Give back every record exactly as it reads.
..............................
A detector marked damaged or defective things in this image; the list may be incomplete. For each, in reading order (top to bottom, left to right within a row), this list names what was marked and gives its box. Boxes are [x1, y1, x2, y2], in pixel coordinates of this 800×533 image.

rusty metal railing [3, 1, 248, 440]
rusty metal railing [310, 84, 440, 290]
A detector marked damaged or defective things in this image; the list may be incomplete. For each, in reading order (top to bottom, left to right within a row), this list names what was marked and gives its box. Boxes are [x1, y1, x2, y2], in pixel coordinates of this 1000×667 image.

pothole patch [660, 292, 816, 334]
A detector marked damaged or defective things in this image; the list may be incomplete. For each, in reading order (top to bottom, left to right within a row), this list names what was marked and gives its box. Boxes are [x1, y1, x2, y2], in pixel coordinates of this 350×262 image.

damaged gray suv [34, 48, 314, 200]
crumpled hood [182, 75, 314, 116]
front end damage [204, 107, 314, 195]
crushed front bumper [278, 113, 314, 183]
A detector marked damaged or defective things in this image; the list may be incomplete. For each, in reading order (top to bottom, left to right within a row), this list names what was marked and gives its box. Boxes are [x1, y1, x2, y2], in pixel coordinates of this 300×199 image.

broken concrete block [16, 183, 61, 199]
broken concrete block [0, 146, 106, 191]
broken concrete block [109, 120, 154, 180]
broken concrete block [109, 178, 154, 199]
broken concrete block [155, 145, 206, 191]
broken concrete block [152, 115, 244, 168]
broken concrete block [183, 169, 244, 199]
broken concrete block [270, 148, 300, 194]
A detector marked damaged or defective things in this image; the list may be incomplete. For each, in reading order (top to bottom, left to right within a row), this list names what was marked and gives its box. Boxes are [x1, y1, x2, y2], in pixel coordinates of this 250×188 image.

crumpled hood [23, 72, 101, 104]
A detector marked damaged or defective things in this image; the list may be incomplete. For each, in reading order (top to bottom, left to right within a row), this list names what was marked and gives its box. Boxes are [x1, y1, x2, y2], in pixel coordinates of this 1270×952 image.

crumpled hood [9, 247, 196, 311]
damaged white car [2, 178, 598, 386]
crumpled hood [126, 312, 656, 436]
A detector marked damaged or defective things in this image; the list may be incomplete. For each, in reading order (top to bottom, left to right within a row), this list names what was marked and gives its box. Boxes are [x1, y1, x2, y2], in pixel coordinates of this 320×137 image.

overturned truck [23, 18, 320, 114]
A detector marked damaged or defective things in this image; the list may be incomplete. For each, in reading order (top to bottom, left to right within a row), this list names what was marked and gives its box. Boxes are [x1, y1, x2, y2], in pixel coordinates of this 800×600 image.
..............................
__RESPONSE AREA__:
A detector marked damaged or defective things in this image; the list may be incomplete. For each, in reading order (top to bottom, left to right within a row), this list names what was marked and gives its box. Boxes are [x1, y1, x2, y2], in pixel coordinates of this 800×533 image.

rusty metal railing [3, 1, 248, 440]
rusty metal railing [310, 84, 440, 290]
A detector marked damaged or defective things in this image; the list may be incomplete. For each, in reading order (top to bottom, left to right within a row), this list names what was marked and gives its box. Boxes are [x1, y1, x2, y2], in pixel coordinates of this 1000×667 image.

pothole patch [660, 292, 816, 334]
A detector marked damaged or defective things in this image; the list may be incomplete. For each, in reading order (top to bottom, left to right within a row), this list names what was marked and gives its box. Boxes are [x1, y1, x2, y2], in pixel coordinates of this 350×262 image.

damaged gray suv [34, 48, 314, 200]
crumpled hood [182, 75, 314, 116]
front end damage [204, 107, 314, 195]
crushed front bumper [278, 113, 314, 183]
A detector marked damaged or defective things in this image; the list may be incomplete. For each, in reading order (top to bottom, left to right within a row), this list names what was marked and gives its box. Boxes are [x1, y1, x2, y2], in pixel coordinates of this 300×199 image.

broken concrete block [16, 183, 61, 199]
broken concrete block [0, 146, 106, 191]
broken concrete block [109, 120, 154, 180]
broken concrete block [109, 178, 154, 199]
broken concrete block [155, 145, 206, 191]
broken concrete block [152, 115, 244, 168]
broken concrete block [183, 169, 244, 199]
broken concrete block [270, 148, 300, 194]
A detector marked damaged or defective things in this image; the list may be incomplete. For each, in reading order (top to bottom, left to right within a row), this list names what was marked and gives its box. Boxes are [x1, y1, x2, y2], in pixel coordinates of this 250×188 image.

crumpled hood [23, 72, 101, 104]
A detector marked damaged or defective things in this image; the list may be incomplete. For each, in reading order (top to bottom, left to right within a row), this list names what was marked and gives its box. Boxes are [x1, y1, x2, y2], in pixel coordinates of this 1270×952 image.

crumpled hood [9, 247, 196, 311]
damaged white car [2, 178, 598, 386]
crumpled hood [126, 312, 656, 436]
A detector marked damaged or defective things in this image; the list may be incomplete. For each, in reading order (top to bottom, left to right within a row), this list names what was marked and gives its box. Boxes are [x1, y1, x2, y2], in pixel coordinates of this 320×137 image.

overturned truck [23, 18, 320, 114]
A detector marked damaged or defective things in this image; the list may be incomplete. For each, in reading order (top to bottom, left to right within a row), this list names what was marked and gives its box. Boxes are [x1, y1, x2, y2], in pixel coordinates of this 800×600 image.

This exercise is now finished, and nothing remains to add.